Take a Drink: every time the Spotlight finds out they received stuff for this story years ago but didn’t act on it.
Do a Shot: whenever a victim goes into detail about the case.
Drink a Bottle of Samuel Adams: for the town of Boston
By: Movie Snurb (A Toast) –
The film begins with the editor of The Boston Globe retiring and Marty Baron (Liev Schreiber) is hired as the new editor. Marty sits down with the leader of Spotlight, Walter “Robby” Robinson, to talk about what Spotlight does. At this point you’re starting to think Marty is looking to cut Spotlight because The Globe has been losing writers and been having to make cuts. However, after a few Marty approaches Robby with a story about how priests from the Catholic Church in Boston have been molesting children and the Church has been covering it up. Robby brings the story idea to the Spotlight team (Mike Rezendes, played by Mark Ruffalo, Sacha Pfeiffer played by Rachel McAdams, and Matt Carroll played by Brian d’Arcy James). What they end up uncovering is upsetting and unfathomable. The story builds meticulously one scene after another until the big payoff in the end.
Spotlight really shines with its acting. Mark Ruffalo gives another fantastic performance as a highly driven investigative journalist; Ruffalo has really been knocking them out of the park lately and is one of the best actors today. Michael Keaton also gives an awards season-worthy performance as the leader of the Spotlight team. Rachel McAdams also gives a great performance which is a complete 180 from her Regina George character. Stanley Tucci was amazing as always (I don’t think Tucci capable of giving a bad performance.) Lastly, Liev Schreiber possibly gives the best performance of his career. His turn as Marty Baron was very calm and collected, but he takes charge in every scene he’s in. Which is saying something considering the actors and actresses Schreiber shares the screen with.
The writing is outstanding. The best aspect in my opinion is Tom McCarthy and Josh Singer don’t have any agenda in this film except telling the story. There was no vilifying of the Catholic Church and they didn’t try to make heroes out of the Boston Globe. I felt like they tried to be completely unbiased while writing this film. I also liked that there was no manipulation whether it be in the music or writing. It could have been very easy for this film turn into a Lifetime or ABC Family movie and be a manipulative mess, but instead it became a polished and well-wrought film.

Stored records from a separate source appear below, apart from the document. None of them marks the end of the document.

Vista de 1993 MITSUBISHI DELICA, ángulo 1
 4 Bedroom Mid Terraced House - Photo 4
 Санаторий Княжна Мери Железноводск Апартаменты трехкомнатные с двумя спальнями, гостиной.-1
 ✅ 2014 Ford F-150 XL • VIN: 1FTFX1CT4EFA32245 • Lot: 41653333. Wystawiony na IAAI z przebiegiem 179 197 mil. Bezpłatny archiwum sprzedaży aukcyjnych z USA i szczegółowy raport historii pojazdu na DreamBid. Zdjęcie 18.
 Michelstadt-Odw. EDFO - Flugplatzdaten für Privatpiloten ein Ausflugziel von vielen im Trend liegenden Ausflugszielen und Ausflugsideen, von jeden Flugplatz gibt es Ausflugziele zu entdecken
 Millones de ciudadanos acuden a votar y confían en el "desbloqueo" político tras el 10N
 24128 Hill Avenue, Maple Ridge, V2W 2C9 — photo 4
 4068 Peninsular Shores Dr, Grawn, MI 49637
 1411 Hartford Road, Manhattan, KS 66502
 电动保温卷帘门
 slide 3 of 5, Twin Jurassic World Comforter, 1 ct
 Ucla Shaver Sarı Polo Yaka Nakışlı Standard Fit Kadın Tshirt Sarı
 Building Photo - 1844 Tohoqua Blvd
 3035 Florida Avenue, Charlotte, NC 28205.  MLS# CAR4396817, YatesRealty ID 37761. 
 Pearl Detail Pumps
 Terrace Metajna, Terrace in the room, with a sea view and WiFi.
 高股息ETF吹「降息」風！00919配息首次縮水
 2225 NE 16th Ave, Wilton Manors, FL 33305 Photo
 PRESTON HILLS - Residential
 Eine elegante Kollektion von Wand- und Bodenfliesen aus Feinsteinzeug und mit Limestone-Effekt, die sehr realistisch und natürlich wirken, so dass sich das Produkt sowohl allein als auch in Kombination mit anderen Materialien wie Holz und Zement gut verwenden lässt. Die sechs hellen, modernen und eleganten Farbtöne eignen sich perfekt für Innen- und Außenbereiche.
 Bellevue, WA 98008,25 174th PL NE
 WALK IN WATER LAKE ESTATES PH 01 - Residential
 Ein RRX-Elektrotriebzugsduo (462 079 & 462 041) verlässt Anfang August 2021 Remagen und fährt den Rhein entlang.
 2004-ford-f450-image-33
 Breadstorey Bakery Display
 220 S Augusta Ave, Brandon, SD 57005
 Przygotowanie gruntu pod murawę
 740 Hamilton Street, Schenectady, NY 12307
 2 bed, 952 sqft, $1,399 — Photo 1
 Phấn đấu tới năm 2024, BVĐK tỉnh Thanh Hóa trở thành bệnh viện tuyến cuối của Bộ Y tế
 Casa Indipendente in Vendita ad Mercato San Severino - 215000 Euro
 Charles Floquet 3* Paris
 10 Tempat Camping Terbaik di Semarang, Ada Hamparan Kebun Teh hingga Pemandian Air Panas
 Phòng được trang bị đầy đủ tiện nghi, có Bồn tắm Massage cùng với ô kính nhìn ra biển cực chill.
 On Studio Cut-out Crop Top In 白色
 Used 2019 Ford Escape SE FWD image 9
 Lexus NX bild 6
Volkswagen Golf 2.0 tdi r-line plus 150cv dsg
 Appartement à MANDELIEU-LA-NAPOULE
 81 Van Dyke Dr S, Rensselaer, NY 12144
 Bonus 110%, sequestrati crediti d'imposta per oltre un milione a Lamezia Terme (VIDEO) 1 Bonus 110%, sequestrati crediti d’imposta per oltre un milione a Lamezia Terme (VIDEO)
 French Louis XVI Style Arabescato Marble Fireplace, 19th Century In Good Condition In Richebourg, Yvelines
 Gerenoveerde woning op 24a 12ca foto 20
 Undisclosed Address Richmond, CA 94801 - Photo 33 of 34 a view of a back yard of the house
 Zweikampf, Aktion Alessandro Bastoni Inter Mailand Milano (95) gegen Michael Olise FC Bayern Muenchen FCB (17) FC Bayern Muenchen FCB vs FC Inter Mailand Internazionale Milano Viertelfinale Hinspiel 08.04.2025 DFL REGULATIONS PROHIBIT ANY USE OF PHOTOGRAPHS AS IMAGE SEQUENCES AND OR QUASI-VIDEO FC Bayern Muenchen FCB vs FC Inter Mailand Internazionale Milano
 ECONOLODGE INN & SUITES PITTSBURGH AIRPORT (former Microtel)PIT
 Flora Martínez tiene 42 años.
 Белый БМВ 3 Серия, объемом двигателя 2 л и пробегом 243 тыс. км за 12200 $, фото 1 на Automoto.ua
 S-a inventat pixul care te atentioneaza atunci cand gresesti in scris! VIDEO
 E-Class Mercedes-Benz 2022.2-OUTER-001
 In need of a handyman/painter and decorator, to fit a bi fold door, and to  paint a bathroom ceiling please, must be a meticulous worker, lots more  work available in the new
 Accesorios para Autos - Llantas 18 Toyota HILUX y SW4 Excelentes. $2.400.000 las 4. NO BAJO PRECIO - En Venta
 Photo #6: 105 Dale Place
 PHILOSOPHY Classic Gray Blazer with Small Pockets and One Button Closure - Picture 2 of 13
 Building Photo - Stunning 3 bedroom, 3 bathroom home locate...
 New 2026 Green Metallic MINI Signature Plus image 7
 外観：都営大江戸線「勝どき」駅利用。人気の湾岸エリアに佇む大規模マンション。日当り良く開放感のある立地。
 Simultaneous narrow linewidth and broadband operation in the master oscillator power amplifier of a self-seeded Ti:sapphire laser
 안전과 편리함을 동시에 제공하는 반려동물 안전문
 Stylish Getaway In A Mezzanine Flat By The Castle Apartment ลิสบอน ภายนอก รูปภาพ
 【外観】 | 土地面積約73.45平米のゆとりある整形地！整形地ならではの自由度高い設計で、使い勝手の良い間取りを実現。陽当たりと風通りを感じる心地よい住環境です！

This was a very important story that needed to be told. The Church had covered this, what I would honestly call an epidemic, up for a very long time. If this had been an isolated incident or a one-time incident this story wouldn’t be as important and this film would have such an impact. I hope Churches, organizations, and businesses will learn from this story and know that when something like this happens it affects a lot of people, and it’s important to know that some bad press is not as important as a person’s life and emotional being.
I miss the day when news was actually news. The other day a coworker came into my cubicle and told me whomever Jenner and Tyga broke up and it’s breaking news. That’s not breaking news! Also, why did we cover Tom Brady and “Deflategate” endlessly, and not Boko Haram and the path of destruction they were leaving in their wake? This film reminded us that journalists used to investigate and break real stories. I hope the news goes back to doing real stories that impact the community and not what shoes Beyonce is wearing today.
This is a very important film that deals with a heartbreaking issue that needs to be told. Everything from the writing to the acting is amazing. I feel like this film could be a real contender for Best Picture.
Try not to vomit when the credits roll and they show all of the cities where incidents like this has happened.